Summary:
This paper studies the presence of hateful, violent, and discriminatory content in YouTube channels of two categories: right-wing and baseline. The study analyzes the lexicon, topics, and implicit biases in the text of the videos. More specifically, the text in video titles, captions, and comments were studied. The dataset used consists of over 7,000 videos and 17 million comments. It was found the right-wing channels contain more “negative” words, contain more topics about war and terrorism, and are more discriminating against minorities such as Muslims and the LGBT community.
Reflection:
Compare against left-wing channels: Instead of comparing right-wing YouTube channels to the rest of YouTube, I think the study should have narrowed their baseline to a set of left-wing channels. This would make the comparison more symmetric and would emphasize the results.
Video Transcript: A significant aspect of a YouTube video is the transcript (i.e. what is being said). I think if the study included that they would have a lot more data to look at.
I think the introduction could be improved. Although the idea of the study is clear, the introduction did not specify a motivation for studying this topic. It did not state in what kind of real-world application this study can be used.

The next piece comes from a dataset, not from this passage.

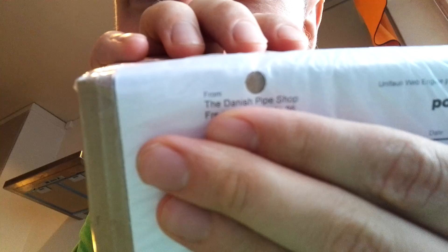Howdy YouTube. We're back here in my kitchen to do a box opening from the Danish Pipe Shop. It's from the Danish Pipe Shop — there's gonna be a couple of pipes and some bagging.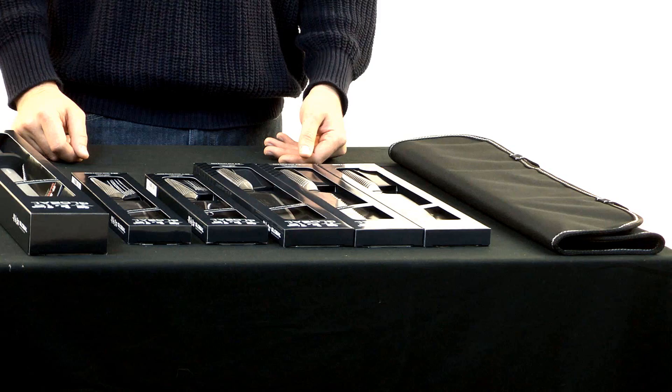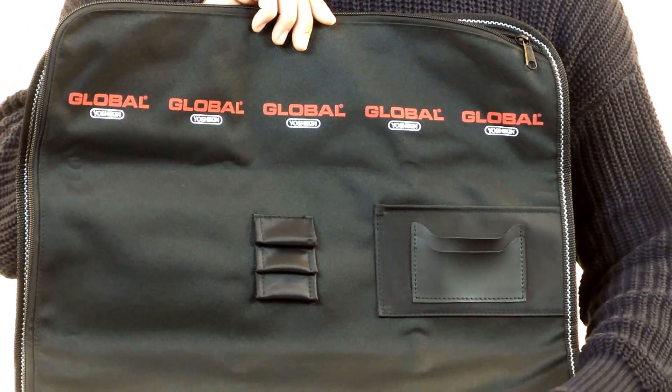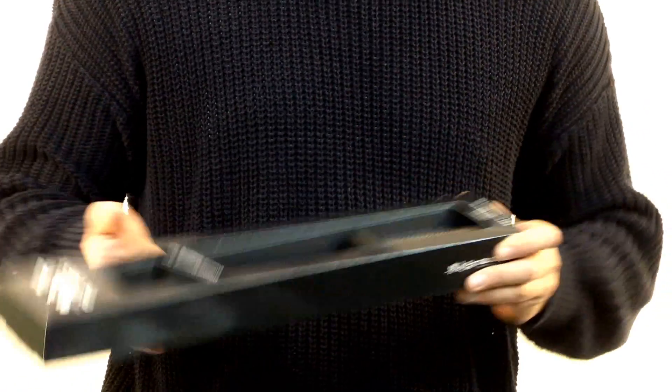Hi, I'm George, a product specialist here at MetroKitchen.com. Today we're going to be talking about the Global Metro Kitchen exclusive seven-piece knife set. This set includes a Global 10-slot knife roll, as well as five Global stainless steel knives, and a Global honing steel.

Also, related work should have been at the beginning of the paper, not at the end.
In addition to looking at specific words, I think the study should look at the presence of n-grams.
Data over time: Is there a pattern to the findings when looked over an extended time period? I think it would be interesting to do a similar study that looks at how the contents of right-wing channels change over time, and to see how the findings relate to real-world events.

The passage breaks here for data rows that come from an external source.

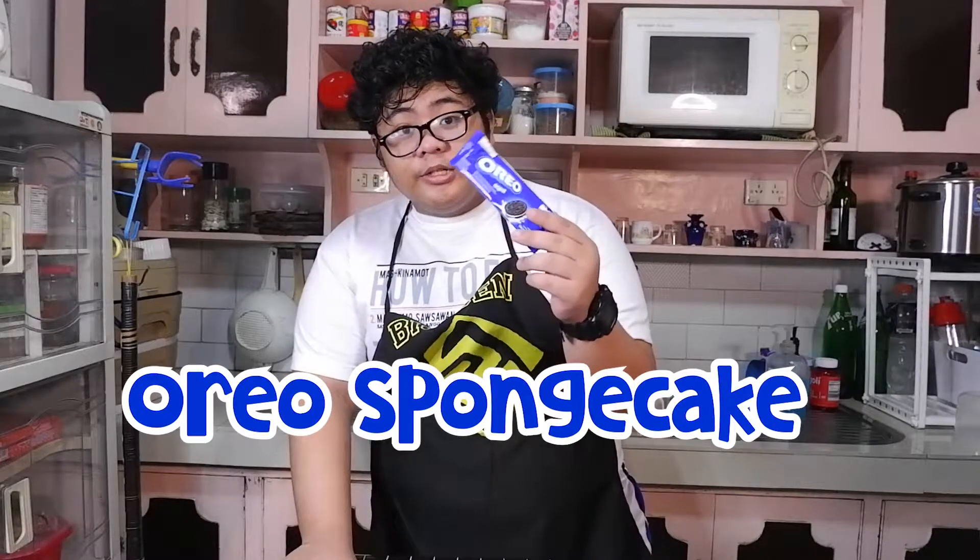Okay guys, welcome back and today we're going to make Oreo sponge cake. Let's get to the ingredients and I'll show you now.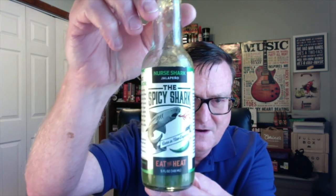Hey guys, how's it going? It's Bill Moore back again with another review for the Spicy Shark, located up in Portsmouth, New Hampshire. Check out my first review that I did for this company — it started off with their original recipe hot sauce and I share a lot of information about the company, so make sure you watch that first review. We're going to continue on with another one of their hot sauces.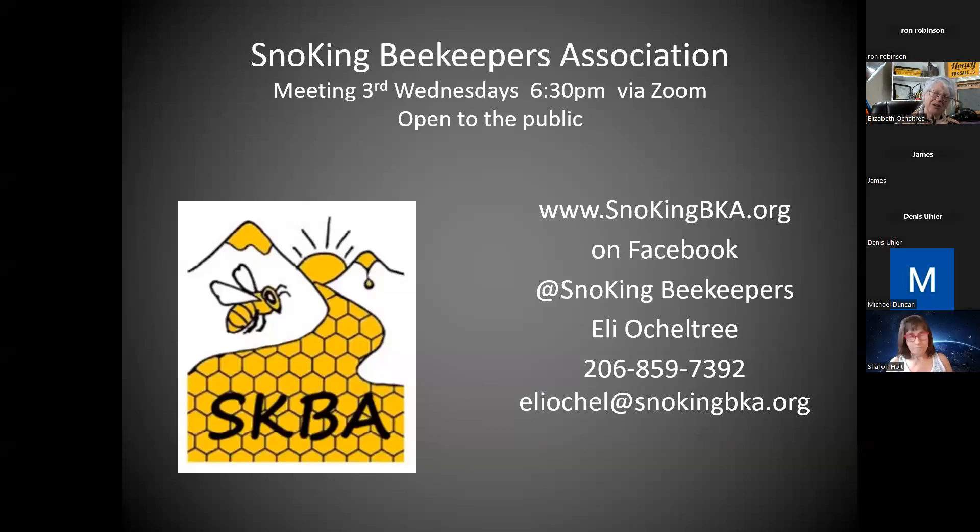Hi, this is Eli of the Snow King Beekeepers Association. It is May 10th, and we are meeting to discuss queen rearing, especially with emphasis on the grafting workshop that we're going to start this Saturday.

In order to study the content of the video itself, and not just the text surrounding it, I think crowdsourcing could be used to label videos with tags that describe their contents. This dataset could be used to study any other classifications of YouTube videos.
Blocked words: Channels can create a list of words that they want to review before allowing in the comments section. This might limit what users are able to say. Do the right-wing channels block more, or less comments than the baseline channels? How might this impact the results of the study?
Verified channels: Is the percentage of channels that are verified different in the two categories (right-wing and baseline)?